6. 11242283 - May 20, 2010 at 08:23 am

Well jeez -- of course the likelihood of a fulfilling, intellectual job outside of academe is likely a) if you have the socio-economic status of a Harvard BA or b) if you are a former Rhodes scholar. People who come from families where ideas matter often wind up caring about ideas even if they don't go on for post-graduate education.

Lord undermines her own argument -- that academics don't believe (or know) that satisfying intellectual jobs can be found outside academe by the glaring obviousness of what most of us can count on: the evidence of the lives of our siblings and college friends.
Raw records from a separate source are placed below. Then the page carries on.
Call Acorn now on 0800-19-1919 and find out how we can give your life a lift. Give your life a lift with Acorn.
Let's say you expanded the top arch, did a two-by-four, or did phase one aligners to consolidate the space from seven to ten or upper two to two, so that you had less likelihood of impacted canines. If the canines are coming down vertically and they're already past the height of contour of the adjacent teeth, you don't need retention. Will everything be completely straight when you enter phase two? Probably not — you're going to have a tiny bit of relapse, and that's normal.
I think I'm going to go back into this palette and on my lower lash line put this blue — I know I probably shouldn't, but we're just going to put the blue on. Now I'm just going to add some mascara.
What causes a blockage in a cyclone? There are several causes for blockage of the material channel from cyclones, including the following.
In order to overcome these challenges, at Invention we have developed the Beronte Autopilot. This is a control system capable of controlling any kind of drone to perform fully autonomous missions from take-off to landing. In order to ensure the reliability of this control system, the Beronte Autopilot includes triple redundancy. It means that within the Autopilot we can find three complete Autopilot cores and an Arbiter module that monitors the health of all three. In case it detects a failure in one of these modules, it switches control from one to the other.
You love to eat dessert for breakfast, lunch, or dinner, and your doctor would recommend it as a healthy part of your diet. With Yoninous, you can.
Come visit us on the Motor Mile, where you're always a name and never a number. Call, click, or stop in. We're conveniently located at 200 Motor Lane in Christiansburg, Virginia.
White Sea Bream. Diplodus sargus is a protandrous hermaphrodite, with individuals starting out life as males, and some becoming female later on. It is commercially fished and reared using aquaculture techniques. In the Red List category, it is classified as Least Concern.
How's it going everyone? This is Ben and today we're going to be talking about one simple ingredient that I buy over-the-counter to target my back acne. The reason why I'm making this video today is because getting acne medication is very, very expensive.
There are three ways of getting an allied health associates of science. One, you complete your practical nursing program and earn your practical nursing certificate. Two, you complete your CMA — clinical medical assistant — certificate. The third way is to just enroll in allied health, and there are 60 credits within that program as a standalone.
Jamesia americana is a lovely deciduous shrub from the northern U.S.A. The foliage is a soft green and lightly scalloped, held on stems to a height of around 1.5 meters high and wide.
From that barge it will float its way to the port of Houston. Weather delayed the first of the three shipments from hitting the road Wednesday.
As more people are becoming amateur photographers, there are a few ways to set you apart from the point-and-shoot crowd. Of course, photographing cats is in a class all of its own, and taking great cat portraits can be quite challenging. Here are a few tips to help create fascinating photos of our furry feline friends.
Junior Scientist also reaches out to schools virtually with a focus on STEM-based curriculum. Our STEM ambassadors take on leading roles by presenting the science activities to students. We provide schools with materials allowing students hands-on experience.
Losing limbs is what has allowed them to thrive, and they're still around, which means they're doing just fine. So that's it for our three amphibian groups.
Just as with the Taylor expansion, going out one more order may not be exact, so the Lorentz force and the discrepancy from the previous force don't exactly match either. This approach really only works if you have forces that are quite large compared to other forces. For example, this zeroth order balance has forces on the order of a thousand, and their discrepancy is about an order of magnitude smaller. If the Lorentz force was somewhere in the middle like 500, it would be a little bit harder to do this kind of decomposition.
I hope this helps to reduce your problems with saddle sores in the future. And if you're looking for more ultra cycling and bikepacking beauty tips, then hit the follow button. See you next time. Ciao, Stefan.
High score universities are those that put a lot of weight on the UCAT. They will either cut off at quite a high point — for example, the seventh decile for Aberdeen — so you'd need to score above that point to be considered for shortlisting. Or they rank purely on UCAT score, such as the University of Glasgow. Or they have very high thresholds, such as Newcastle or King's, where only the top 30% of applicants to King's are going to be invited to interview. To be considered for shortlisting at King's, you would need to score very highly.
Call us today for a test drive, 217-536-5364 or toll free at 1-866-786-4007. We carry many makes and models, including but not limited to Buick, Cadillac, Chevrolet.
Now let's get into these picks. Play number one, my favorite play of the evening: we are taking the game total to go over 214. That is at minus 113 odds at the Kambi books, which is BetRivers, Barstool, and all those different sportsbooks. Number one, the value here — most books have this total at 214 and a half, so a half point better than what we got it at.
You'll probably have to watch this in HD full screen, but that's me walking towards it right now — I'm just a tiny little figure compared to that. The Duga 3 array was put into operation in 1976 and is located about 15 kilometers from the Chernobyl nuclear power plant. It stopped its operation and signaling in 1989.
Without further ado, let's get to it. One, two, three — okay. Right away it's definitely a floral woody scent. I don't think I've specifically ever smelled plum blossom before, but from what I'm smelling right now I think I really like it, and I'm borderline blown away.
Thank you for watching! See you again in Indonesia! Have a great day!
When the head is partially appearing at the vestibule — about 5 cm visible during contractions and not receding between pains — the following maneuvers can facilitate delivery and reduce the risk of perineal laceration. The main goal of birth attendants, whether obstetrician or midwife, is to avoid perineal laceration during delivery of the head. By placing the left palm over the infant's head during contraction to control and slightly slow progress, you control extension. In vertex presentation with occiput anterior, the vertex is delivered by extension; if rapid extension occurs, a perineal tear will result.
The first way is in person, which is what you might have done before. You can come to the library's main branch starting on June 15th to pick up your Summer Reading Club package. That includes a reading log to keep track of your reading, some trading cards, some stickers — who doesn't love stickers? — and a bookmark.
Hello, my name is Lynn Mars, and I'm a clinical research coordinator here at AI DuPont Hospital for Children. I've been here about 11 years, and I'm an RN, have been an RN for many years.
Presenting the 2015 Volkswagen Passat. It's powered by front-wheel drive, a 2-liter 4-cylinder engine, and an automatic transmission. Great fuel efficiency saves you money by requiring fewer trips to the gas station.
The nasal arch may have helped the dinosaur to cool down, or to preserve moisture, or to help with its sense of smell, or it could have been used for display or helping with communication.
None of my 4 siblings got a Ph.D. but all are totally engaged in satisfyingly intellectual careers -- same is true for many of my college and even high school friends (although I grew up in a fairly cosmopolitan suburb of a major city with good schools and an above average median income).

What's not so obvious and not such an easy nut to crack is what we do for first generation college students. Clearly not all can or should go on for post-graduate work but it's also really easy for them to fall back into "the neigborhood". Many of my students (at a regional comprehensive) never leave the area after graduation. They make lives here. And "here" is hard for those who care about ideas. Here is not all that wealthy and lacking in opportunities for those with a passion for ideas (unless they have higher degrees). Never would I send one of these kids to grad school just to "get out" but trying to reassure them that in the kind of low/middle management job that they are likely to score that there is lots of room for intellectual growth is not that easy. I have the evidence of a couple decades of sending our grads out into the local economy that this is so.

In other words, the commentary, while well intended, argued from a rather narrow band.

7. janice_h - May 20, 2010 at 08:48 pm

There is growing need for a public intellectual life beyond the academy, and many attempts to answer this need. An interesting website, which I personally like a lot, is http://www.pandalous.com which like Mr. Pang comments assumes everyone may have valuable things to say about no matter which topic, and rejects the idea of pure specialization.

8. paulderb - May 20, 2010 at 10:47 pm

When I left teaching for business, my password at work was "wemmick," for the Dickens character who lives a split life. But my PhD in CompLit served me in many more ways than to provide such solitary amusements. Few people at work had read much, and so it was completely refreshing to converse about unmediated thoughts, without the who's-smarter wrapper that had marked and marred so many academic conversations. In addition, the can-do atmosphere of business was--again-- refreshing. Remarkable how negative and toxic the academic aura is. It's as if the atmosphere of idealism has to dispense, with each breath, an air of disappointment, too.
And yet I was sad to hear "academic" used as a synonym for "pointless" in the business world. And I yearned for people who wanted to stretch a thought past this year's big project plan. Now, having come from business back into school administration, I find the hostility to my expatriation to be sort of amusing. And I am convinced that with so much emigration and immigration between the worlds, that we will soon see that the division is not only un-helpful, but false.

9. tcli5026 - May 21, 2010 at 06:09 pm

This type of article makes my blood boil. The author paints with a mile-wide brush implying that nearly all professors: (1) "fail to understand the complexity of the nonacademic job market (i.e., that we don't have any sense of the "real world"); and (2) are obsessed with pursuing a "life of the mind."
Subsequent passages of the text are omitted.